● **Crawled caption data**
○ ○ ○

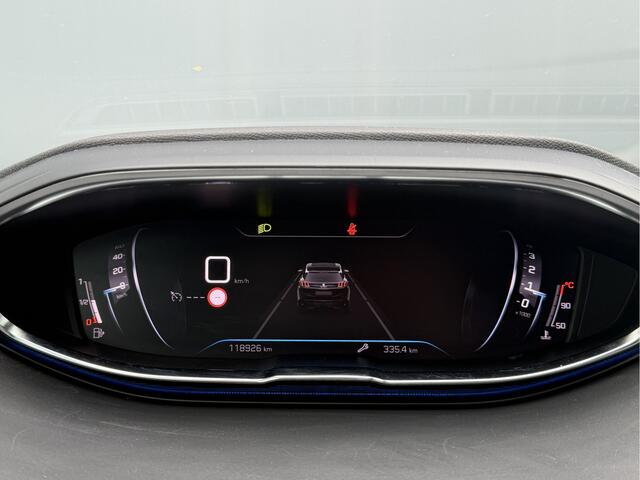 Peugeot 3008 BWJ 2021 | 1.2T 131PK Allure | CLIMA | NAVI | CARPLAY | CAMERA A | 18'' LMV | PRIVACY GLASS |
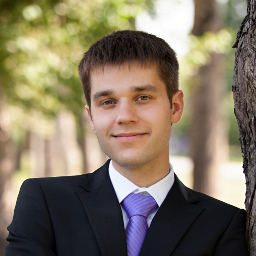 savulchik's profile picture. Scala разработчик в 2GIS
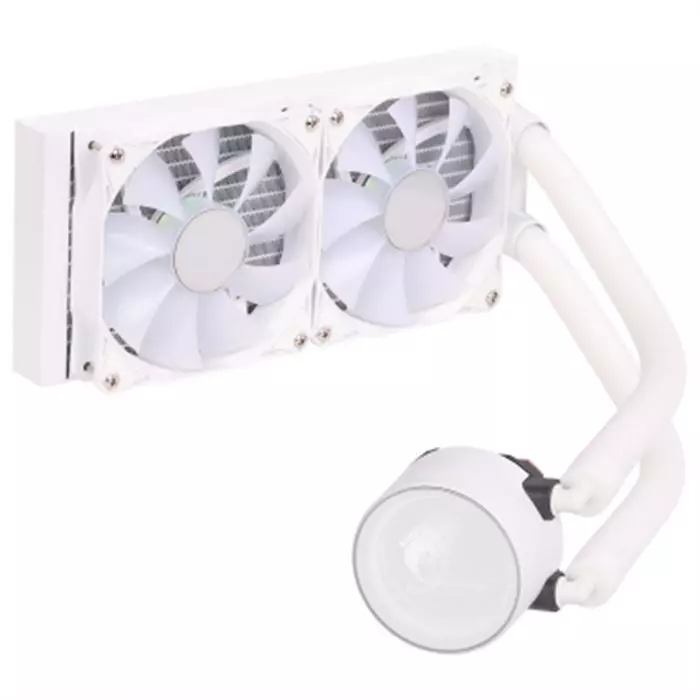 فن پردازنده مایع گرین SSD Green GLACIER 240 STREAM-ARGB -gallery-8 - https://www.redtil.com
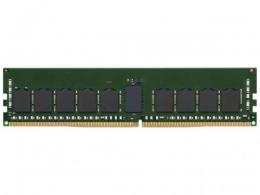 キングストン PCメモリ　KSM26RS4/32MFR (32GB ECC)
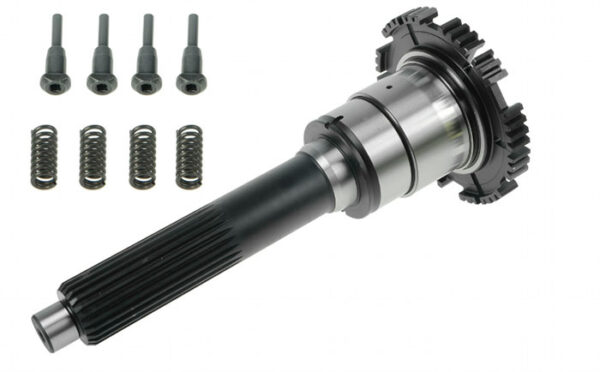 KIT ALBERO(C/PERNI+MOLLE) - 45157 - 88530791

○ ○ ○

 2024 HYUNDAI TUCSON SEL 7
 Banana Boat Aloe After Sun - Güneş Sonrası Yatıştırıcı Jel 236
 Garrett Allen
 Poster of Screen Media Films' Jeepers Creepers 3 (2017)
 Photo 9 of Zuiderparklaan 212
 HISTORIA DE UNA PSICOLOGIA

○ ○ ○

● **Task description**
Leaving out each picture, repeat exactly the lines above from the one that contains "فن پردازنده مایع" through the one that contains "KIT ALBERO(C/PERNI+MOLLE) - 45157 - 88530791".

● **Problem solution**
 فن پردازنده مایع گرین SSD Green GLACIER 240 STREAM-ARGB -gallery-8 - https://www.redtil.com
 キングストン PCメモリ　KSM26RS4/32MFR (32GB ECC)
 KIT ALBERO(C/PERNI+MOLLE) - 45157 - 88530791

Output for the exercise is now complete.